US Navy recruits to learn how to navigate using the stars as America grows increasingly worried about possible hacking of computer navigation systems


The era of celestial navigation ended with the launch of satellites in the 1990s

It was how Odysseus sailed the seas, how Columbus reached the Americas, and how Lawrence of Arabia found his way across the vast, featureless deserts of the Middle East.

For millennia, travellers used the stars to guide them on their journeys – a technique which, in recent decades, has been replaced by modern technology.

But now the US navy is reinstating classes on celestial navigation for all new recruits, teaching the use of sextants – instruments made of mirrors used to calculate angles and plot directions – because of rising concerns that computers used to chart courses could be hacked or malfunction.

“We went away from celestial navigation because computers are great,” said Lt. Cmdr. Ryan Rogers, the deputy chairman of the naval academy's Department of Seamanship and Navigation. "The problem is there's no backup."

The era of celestial navigation ended with the launch of satellites in the 1990s, which evolved into the Global Positioning System (GPS). While celestial navigation can calculate your position within 1.5 miles, by 1995 GPS could pinpoint your location within feet, and the system has never been shut down.

Today, 31 satellites circle the Earth, each twice a day, costing American taxpayers about $1 billion (£6.5 million) a year.

"The perceived need for sextants was taken away," said Peter Trogdon, president of nautical instrument company Weems & Plath in Eastport, Maryland.

Mr Trogdon, said sales of sextants plunged after the arrival of GPS. "There's only a few thousand sold a year," he said. "Most of those are sold to yachtsmen who want to have a backup."


A sextant instrument for sea navigation

“If you can use GPS, it's just so much more accurate," said Lt. Cmdr. Ryan Rogers. But, he added, "we know there are cyber vulnerabilities."

Recruits to the academy in Annapolis, Maryland, have this autumn seen study of the stars return to their curriculum for the first time since it was dropped in 2006. It was reinstated for navigators in 2011, but not for the whole navy. Pilot programmes are also beginning for army reservists in Philadelphia, Rochester and Auburn.

"Knowledge of celestial navigation in the GPS era provides a solid backup form of navigation in the event GPS becomes unreliable for whatever reason," said Captain Timothy Tisch, of the US Merchant Marine Academy – which has never abandoned celestial navigation.

"It is also good professional practice to use one navigational system to verify the accuracy of another."
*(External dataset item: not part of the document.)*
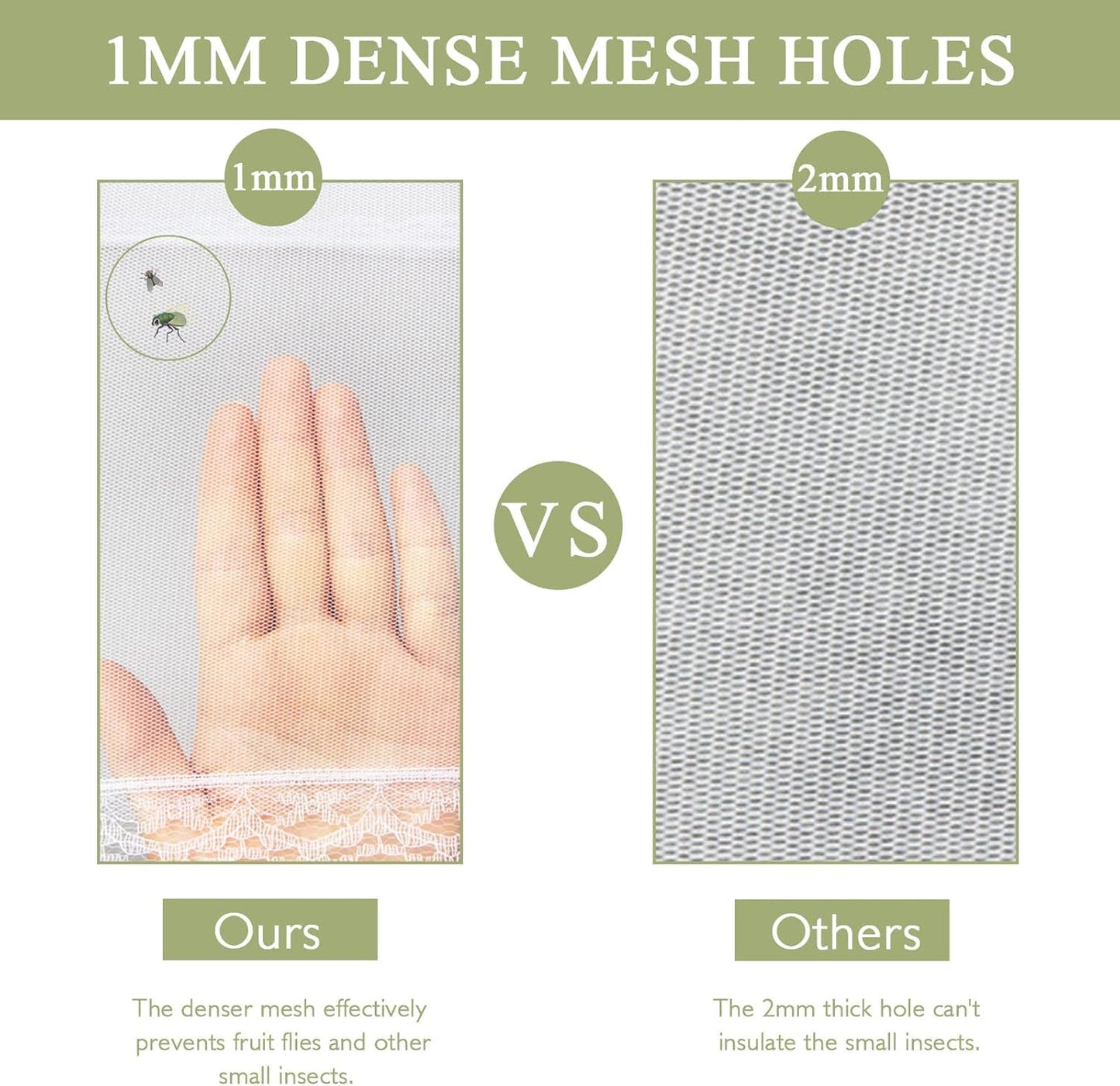 7Pack Various Size (40x24*1,17x17*2,14x14*2,12x12*2) Pop-up Food Tents Food Covers for Outside Mesh to Keep Bugs away,Reusable Collapsible Food Nets for Picnic Party BBQ Wedding Fruit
The first midshipmen to receive training were juniors this summer. From autumn next year, all newly enlisted sailors will have to study the stars and learn theories of celestial navigation during an advanced navigation course. The Class of 2017 will be the first to graduate with the reinstated instruction.

“This is the first semester we added it in, so we're just baby-stepping it,” said Lt. Christine Hirsch, who teaches navigation at the academy. Only three hours will be taught. “We just added the theory, but we really do have the capabilities to expand.”

Mr Trogdon said the decision was “fantastic”.

"How cool is it to go back to the ancestral technique?"


Poster Comment:

Were my father still alive he would appreciate this story, he trained on the old Fairchild A10 sextant back in 1956. (2 images)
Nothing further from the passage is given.